George started his career in 1974 right out of high school working at the local construction company where his father was employed. Since then, the majority of his career has been spent with WW Clyde.

“I like the people that run WW Clyde,” George said. “I like the work, and I’ve always felt comfortable staying with one company rather than jumping around.”

He had always heard great things about WW Clyde growing up, which led him to apply.

“I knew the company from seeing them build freeway systems,” George said. “I also knew some guys that worked there. In fact, growing up, my Little League baseball coach was employed at WW Clyde.”

George has always been willing to serve where the company needed him. George began his career as an operator and worked his way up to Project Superintendent, where he has been working for the last several years.

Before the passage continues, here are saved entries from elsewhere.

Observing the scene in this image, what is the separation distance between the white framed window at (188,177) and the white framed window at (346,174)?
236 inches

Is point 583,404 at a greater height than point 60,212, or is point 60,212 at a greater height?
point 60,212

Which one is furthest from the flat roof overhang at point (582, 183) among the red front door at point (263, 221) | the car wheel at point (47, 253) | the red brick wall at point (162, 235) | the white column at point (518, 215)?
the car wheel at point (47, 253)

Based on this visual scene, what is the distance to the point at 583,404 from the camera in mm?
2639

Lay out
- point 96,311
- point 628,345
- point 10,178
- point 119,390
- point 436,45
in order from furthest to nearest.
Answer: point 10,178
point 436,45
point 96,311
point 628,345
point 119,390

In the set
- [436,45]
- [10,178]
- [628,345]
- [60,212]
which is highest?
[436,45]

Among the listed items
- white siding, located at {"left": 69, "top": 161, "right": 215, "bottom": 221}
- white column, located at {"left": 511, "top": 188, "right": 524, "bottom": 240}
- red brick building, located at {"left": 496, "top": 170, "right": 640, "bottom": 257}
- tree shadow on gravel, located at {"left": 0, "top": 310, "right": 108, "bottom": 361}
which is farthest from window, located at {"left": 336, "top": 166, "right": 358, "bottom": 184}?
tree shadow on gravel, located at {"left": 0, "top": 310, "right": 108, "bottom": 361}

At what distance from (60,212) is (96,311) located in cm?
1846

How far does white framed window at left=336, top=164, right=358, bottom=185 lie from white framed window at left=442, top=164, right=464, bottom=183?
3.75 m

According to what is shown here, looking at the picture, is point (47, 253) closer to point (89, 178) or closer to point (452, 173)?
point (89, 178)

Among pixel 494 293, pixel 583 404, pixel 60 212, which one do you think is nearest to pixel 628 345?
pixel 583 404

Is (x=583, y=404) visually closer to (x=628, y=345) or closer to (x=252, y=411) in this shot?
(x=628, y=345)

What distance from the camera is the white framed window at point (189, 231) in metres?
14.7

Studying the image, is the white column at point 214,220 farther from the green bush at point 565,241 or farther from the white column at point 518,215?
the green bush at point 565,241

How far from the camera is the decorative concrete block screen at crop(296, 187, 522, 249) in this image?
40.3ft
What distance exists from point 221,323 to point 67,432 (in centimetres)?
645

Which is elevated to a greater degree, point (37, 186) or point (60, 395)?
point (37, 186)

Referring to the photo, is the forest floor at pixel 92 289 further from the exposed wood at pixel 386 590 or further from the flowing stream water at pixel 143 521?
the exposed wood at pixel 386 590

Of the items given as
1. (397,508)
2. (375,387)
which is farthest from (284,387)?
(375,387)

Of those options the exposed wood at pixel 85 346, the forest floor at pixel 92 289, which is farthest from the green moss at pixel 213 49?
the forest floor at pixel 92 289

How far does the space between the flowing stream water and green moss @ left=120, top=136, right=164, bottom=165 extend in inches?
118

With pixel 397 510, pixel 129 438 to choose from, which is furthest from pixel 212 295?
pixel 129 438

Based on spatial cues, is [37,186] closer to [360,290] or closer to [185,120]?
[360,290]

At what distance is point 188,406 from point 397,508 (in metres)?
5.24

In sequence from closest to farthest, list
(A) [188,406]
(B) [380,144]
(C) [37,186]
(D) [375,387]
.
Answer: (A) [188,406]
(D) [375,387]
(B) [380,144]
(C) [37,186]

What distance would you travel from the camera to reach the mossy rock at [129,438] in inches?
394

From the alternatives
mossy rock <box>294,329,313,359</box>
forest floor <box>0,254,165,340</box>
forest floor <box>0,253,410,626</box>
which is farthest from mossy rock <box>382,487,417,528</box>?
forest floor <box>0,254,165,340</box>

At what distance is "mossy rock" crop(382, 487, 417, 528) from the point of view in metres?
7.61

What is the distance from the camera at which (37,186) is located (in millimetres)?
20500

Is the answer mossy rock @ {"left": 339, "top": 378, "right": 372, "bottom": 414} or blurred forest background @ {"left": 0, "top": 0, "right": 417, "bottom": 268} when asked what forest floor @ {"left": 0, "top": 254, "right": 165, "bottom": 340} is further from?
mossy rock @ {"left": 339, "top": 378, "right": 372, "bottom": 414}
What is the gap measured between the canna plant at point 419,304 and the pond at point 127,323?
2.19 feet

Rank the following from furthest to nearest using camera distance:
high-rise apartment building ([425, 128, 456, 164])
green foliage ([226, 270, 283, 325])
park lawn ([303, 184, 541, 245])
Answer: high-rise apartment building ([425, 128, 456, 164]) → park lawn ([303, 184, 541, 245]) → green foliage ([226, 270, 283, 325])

“What I enjoy most is doing the day-to-day hands-on stuff,” George said. “Wanting to see a job from start to finish and being able to work through all the problems that arise is a passion of mine.

“It’s a challenge to make sure that you’re doing what you need to do to stay on budget and on time.”

It’s a challenge that soon won’t be there for George. He is set to retire in 2022.

George is looking forward to spending more time with his wife Linda, their two children and their spouses, five grandchildren, and two great-grandchildren. He will have plenty to keep him busy aside from family, though, with a farm to run.

“Instead of having two jobs, now I’ll just have one,” George said. “I still have my farm to take care of. Now that I’ll be home, I can make up for lost time and help out more doing the daily stuff. I’m really looking forward to the change of pace, but I’ll miss the friends I’ve made at WW Clyde.”